Reporting
- class nvidia_resiliency_ext.straggler.reporting.Report(gpu_relative_perf_scores, section_relative_perf_scores, gpu_individual_perf_scores, section_individual_perf_scores, rank_to_node, local_section_summaries, local_kernel_summaries, generate_report_elapsed_time, gather_on_rank0, rank)[source]
Bases:
object
- There are 2 types of the performance scores provided in this report:
Relative performance scores (0…1) that compare the performance of the current rank to the best performing rank.
Individual performance scores (0…1) that compare the performance of the current rank to the rank’s past performance.
Relative scores need inter-rank synchronization to be computed, while individual scores can be computed on each rank separately. All performance scores can be interpreted as a ratio of: current performance/reference performance. For example:
If the relative performance score is 0.5, it means that the current rank is 2x slower than the best performing rank.
If the individual performance score is 0.5, it means that the current rank is 2x slower than its best performance.
If gather_on_rank0=True: *_perf_scores fields contain results for all ranks (only on rank0, otherwise undefined). If gather_on_rank0=False: *_perf_scores fields contain only current rank results.
Containers can be empty if there are no results.

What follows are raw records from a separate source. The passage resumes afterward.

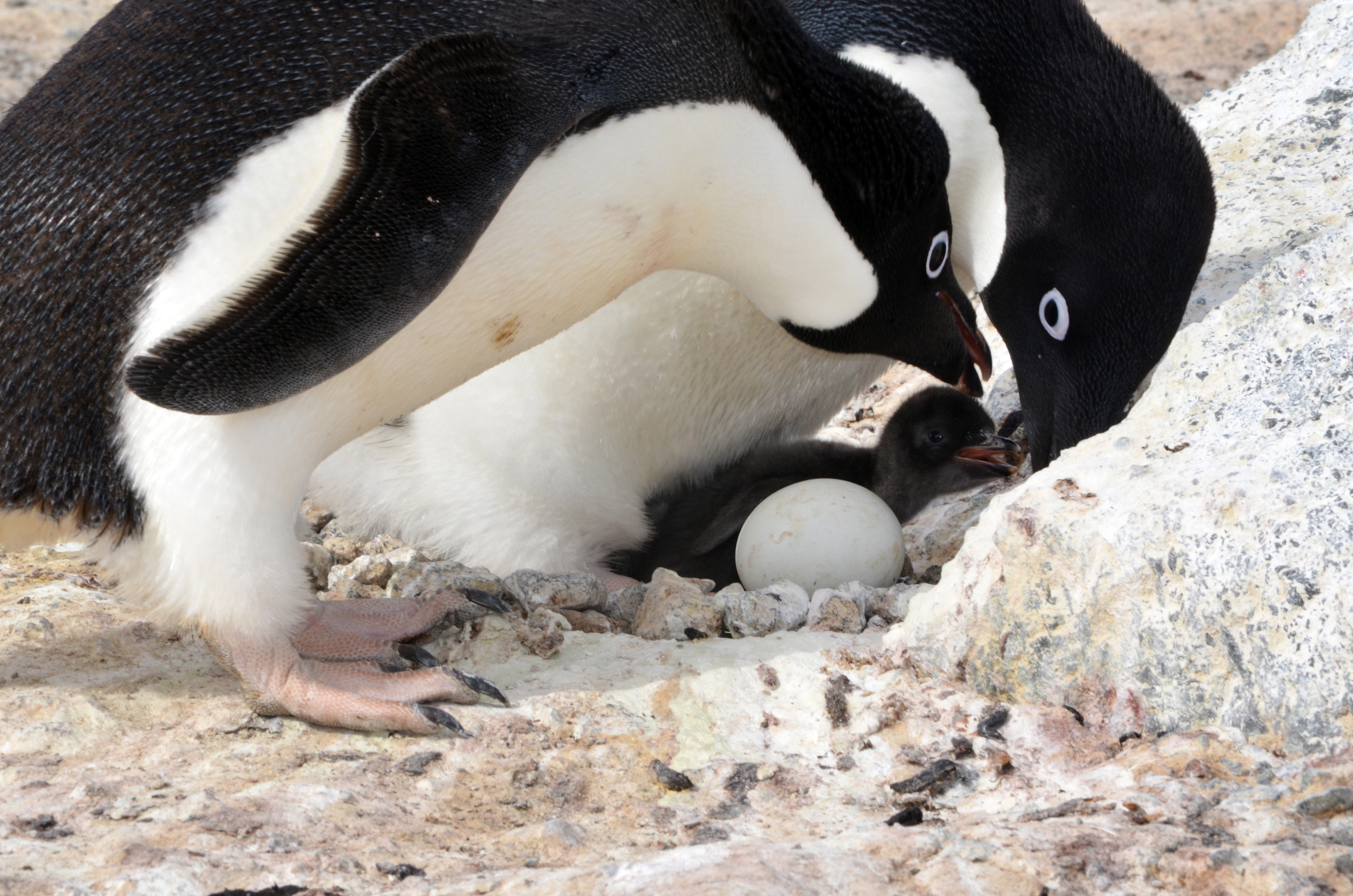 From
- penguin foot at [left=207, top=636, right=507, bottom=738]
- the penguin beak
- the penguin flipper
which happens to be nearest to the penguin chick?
the penguin beak

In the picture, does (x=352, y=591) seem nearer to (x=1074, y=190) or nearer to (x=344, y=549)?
(x=344, y=549)

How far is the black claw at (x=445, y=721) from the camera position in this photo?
5.53 ft

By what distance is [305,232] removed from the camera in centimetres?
154

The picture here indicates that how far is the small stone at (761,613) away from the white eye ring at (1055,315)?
69cm

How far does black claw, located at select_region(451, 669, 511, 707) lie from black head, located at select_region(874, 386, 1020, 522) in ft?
4.41

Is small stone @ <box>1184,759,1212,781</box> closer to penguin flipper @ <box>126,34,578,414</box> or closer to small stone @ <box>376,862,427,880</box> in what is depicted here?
small stone @ <box>376,862,427,880</box>

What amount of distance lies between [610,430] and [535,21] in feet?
3.24

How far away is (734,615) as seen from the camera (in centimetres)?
213

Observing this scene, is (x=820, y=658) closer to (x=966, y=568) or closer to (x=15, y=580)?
(x=966, y=568)

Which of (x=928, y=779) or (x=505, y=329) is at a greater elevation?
(x=505, y=329)

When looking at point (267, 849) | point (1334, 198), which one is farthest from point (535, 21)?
point (1334, 198)

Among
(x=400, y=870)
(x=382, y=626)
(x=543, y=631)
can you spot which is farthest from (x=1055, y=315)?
(x=400, y=870)

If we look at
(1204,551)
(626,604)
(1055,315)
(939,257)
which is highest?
(939,257)

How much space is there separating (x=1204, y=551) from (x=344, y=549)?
1.75 metres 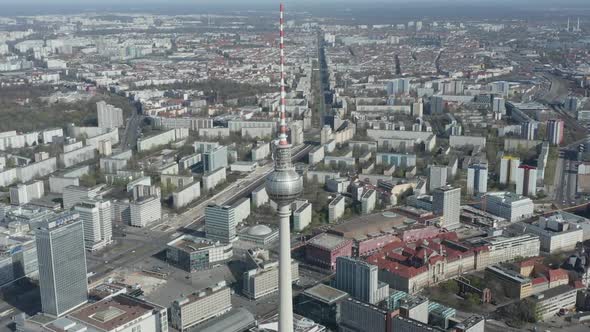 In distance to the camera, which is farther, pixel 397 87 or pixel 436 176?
pixel 397 87

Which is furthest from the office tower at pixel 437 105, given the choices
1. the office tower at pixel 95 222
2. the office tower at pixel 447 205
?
the office tower at pixel 95 222

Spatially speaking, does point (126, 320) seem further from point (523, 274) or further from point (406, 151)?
point (406, 151)

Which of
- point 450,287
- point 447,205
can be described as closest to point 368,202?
point 447,205

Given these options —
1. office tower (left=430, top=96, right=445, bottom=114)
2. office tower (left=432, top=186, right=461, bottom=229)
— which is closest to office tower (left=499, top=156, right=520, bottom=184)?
office tower (left=432, top=186, right=461, bottom=229)

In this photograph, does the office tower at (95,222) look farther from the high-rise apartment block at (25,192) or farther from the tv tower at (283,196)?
the tv tower at (283,196)

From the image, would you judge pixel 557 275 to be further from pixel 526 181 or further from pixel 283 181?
pixel 283 181

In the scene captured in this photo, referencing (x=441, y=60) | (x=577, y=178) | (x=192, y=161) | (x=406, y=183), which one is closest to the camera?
(x=406, y=183)

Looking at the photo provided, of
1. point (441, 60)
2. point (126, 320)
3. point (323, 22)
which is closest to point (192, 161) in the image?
point (126, 320) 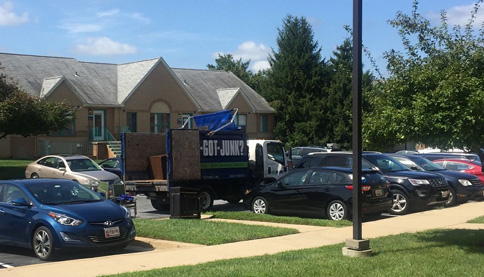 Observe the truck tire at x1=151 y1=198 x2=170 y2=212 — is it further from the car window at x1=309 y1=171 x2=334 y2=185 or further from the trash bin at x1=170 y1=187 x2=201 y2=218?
the car window at x1=309 y1=171 x2=334 y2=185

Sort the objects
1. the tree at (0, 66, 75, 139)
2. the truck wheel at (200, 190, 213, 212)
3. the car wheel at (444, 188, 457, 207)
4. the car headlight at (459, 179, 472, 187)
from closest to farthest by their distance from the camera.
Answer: the truck wheel at (200, 190, 213, 212) < the car wheel at (444, 188, 457, 207) < the car headlight at (459, 179, 472, 187) < the tree at (0, 66, 75, 139)

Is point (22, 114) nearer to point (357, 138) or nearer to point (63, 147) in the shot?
point (63, 147)

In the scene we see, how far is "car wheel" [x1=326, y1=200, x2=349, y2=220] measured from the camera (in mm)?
15414

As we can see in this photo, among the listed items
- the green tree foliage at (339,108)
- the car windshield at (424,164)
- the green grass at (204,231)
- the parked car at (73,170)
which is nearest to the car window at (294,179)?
the green grass at (204,231)

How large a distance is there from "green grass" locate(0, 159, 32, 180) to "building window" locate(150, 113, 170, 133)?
1142cm

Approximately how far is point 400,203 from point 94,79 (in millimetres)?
32816

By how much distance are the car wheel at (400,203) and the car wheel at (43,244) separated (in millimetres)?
10098

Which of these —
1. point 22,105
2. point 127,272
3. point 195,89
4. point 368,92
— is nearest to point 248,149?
point 368,92

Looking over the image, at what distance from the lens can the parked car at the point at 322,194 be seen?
15.5 meters

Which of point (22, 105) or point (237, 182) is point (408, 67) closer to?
point (237, 182)

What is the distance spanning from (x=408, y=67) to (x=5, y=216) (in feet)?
25.7

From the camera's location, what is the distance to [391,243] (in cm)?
1109

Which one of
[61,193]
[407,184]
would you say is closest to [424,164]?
[407,184]

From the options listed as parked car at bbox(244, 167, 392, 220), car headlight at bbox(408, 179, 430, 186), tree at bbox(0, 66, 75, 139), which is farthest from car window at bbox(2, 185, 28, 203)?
tree at bbox(0, 66, 75, 139) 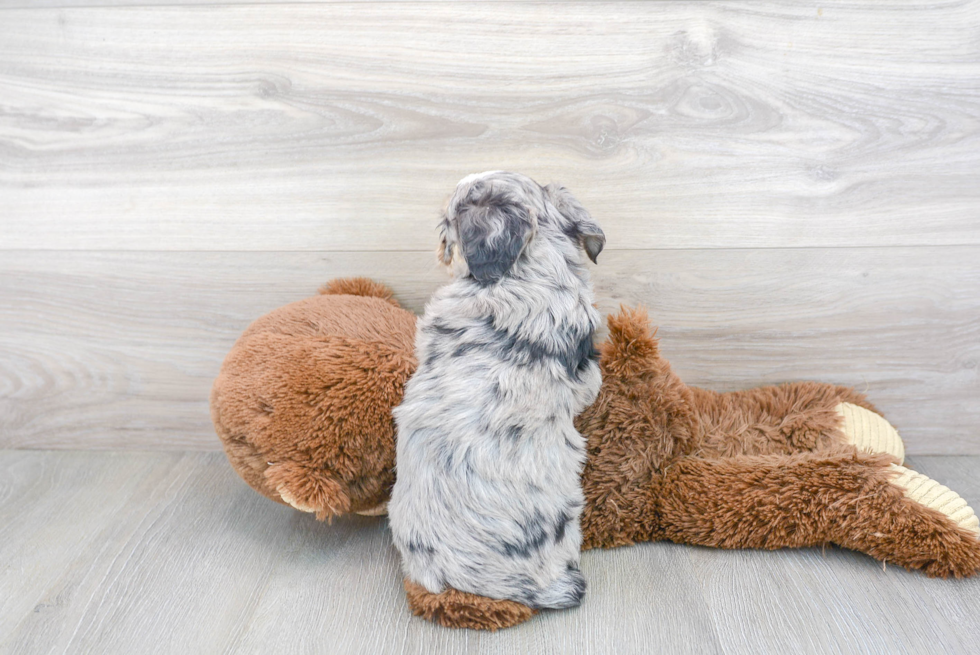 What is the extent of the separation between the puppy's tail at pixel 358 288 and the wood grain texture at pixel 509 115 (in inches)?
3.6

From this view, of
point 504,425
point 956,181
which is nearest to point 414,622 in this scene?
point 504,425

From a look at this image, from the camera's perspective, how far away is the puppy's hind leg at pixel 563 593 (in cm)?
131

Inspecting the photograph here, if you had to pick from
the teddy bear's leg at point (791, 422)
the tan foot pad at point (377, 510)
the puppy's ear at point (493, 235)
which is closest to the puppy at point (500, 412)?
the puppy's ear at point (493, 235)

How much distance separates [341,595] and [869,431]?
124 cm

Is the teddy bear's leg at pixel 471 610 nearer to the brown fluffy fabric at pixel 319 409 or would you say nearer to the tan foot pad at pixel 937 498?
the brown fluffy fabric at pixel 319 409

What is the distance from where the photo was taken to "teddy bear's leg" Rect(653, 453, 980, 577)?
4.62 feet

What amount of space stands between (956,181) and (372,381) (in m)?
1.43

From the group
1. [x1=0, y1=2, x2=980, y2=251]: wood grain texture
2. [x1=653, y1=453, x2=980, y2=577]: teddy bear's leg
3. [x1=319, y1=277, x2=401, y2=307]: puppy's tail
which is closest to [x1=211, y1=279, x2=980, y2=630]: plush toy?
[x1=653, y1=453, x2=980, y2=577]: teddy bear's leg

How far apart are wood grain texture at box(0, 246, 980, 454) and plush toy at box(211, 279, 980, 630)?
25 cm

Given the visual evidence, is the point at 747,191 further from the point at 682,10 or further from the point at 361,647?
the point at 361,647

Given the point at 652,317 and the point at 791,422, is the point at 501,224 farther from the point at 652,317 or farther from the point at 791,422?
the point at 791,422

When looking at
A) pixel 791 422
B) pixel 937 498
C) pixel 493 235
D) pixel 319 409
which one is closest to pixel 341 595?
pixel 319 409

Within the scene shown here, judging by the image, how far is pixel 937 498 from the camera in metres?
1.44

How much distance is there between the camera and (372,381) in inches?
57.5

gpu_relative_perf_scores: Rank -> GPU relative performance score.
section_relative_perf_scores: Section name -> (Rank -> Section relative performance score).
gpu_individual_perf_scores: Rank -> GPU individual performance score.
section_individual_perf_scores: Section name -> (Rank -> Section individual performance score).
rank_to_node: Rank -> Node name, aux mapping useful for results reporting.
local_section_summaries: Local (e.g. this rank) timing stats for each user defined section/context.
local_kernel_summaries: Local (e.g. this rank) timing stats for each captured CUDA kernel.
generate_report_elapsed_time: How long did it take to generate this report.
gather_on_rank0 : Mode for results gather, if gather_on_rank0 = False,
rank: Rank of the current report. None if not corresponding to any rank (i.e. gather_on_rank0=True).
- Parameters:
- identify_stragglers(gpu_rel_threshold=0.75, section_rel_threshold=0.75, gpu_indiv_threshold=0.75, section_indiv_threshold=0.75)[source]
Identify the ranks with straggler GPUs based on performance thresholds.
- Parameters:
gpu_rel_threshold (float) – The threshold for relative GPU performance scores to identify stragglers. Default is 0.75
section_rel_threshold (float) – The threshold for relative sections performance scores. Default is 0.75
gpu_indiv_threshold (float) – The threshold for individual GPU performance scores. Default is 0.75
section_indiv_threshold (float) – The threshold for individual section performance scores. Default is 0.75
- Returns:
‘straggler_gpus_relative’ (Set[StragglerId]): Stragglers with relative GPU performance scores below the threshold
’straggler_gpus_individual’ (Set[StragglerId]): Stragglers with individual GPU performance scores below the threshold
’straggler_sections_relative’ (Dict[str, Set[StragglerId]]): Sections with ranks having relative performance scores below the threshold
’straggler_sections_individual’ (Dict[str, Set[StragglerId]]): Sections with ranks having individual performance scores below the threshold
- Return type:
Dict with string keys
- class nvidia_resiliency_ext.straggler.reporting.ReportGenerator(scores_to_compute, gather_on_rank0=True, pg=None, node_name='<notset>')[source]
Bases:
object
This class is responsible for generating the performance report, based on the section and kernel summaries (section/kernel name -> stats).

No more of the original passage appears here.